New gene editing research focused on the area of the brain that handles deep sleep could open up options for life-changing therapies. Harvard Medical School researchers examined mice to gain a better understanding of neurons in the region of the brain controlling sleep and wakefulness, the thalamus. They used CRISPR-Cas9 gene editing to disrupt a gene coding for a protein that binds GABA, an inhibitory neurotransmitter. Through this disruption, the research team boosted delta wave activity, which is at its highest during the deepest phases of restful relaxation – non-rapid-eye-movement (NREM) sleep.

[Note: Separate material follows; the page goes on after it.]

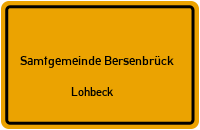 Bergjans Weg in Samtgemeinde BersenbrückLohbeck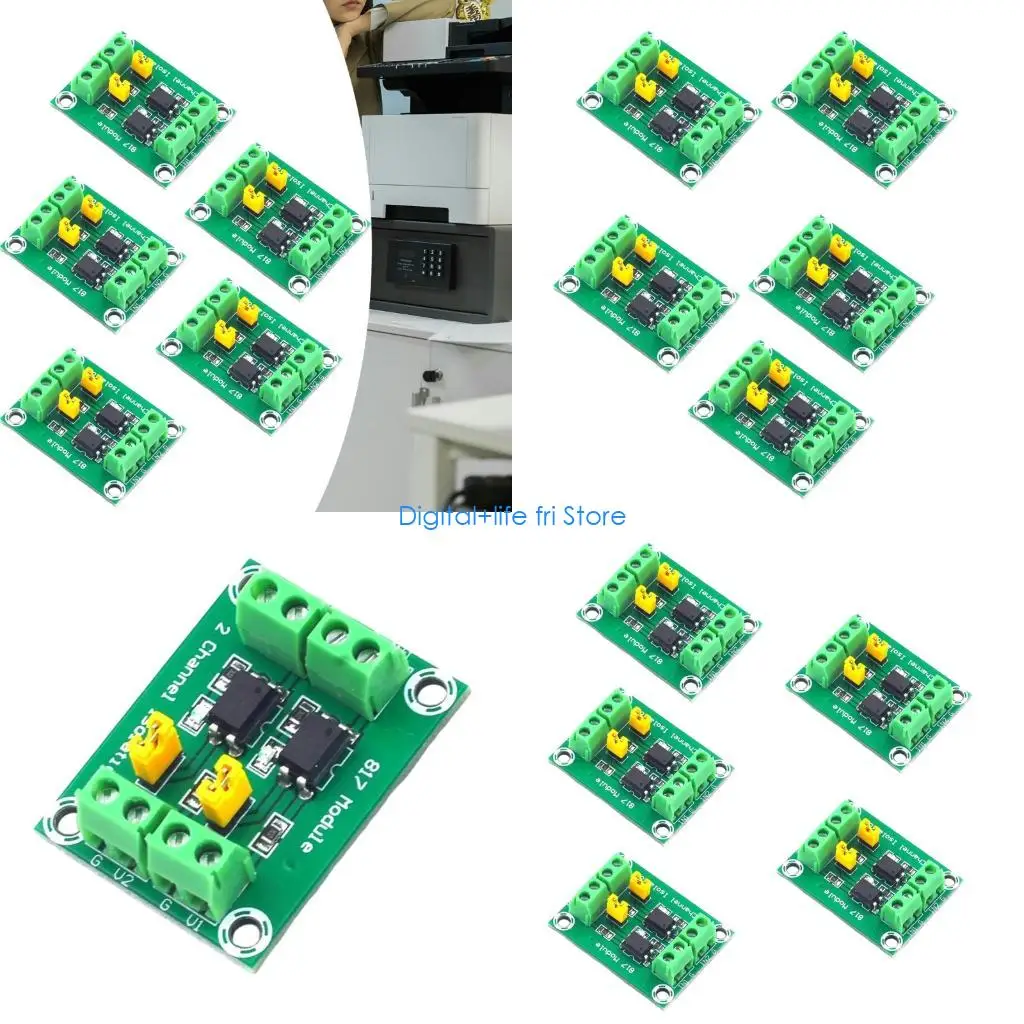 E06D Voltages Isolation Module with 817 Optocoupler Converts Inputs from 3.3V 5V to Outputs 3.6 24V Suitable for Pulse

As proven through testing of their cortical oscillations, the disrupted gene made the mice enter an enhanced mode of deep sleep. The researchers’ findings, published in Nature Communications, mentioned that the mice also experienced a noticeable increase in NREM slow wave activity that was most pronounced during the initial stage of sleep. It was of similar magnitude to increases known to occur after sleep deprivation, despite the mice having plenty of rest.
Additional animal studies achieving similar results could underpin the development of innovative therapies that zero in on this “deep sleep” protein. Given the fact that many commonplace insomnia medicines target the GABA neurotransmitter and therefore allay delta wave activity – robbing sleep of its restorative capabilities – this research could be a turning point on this front.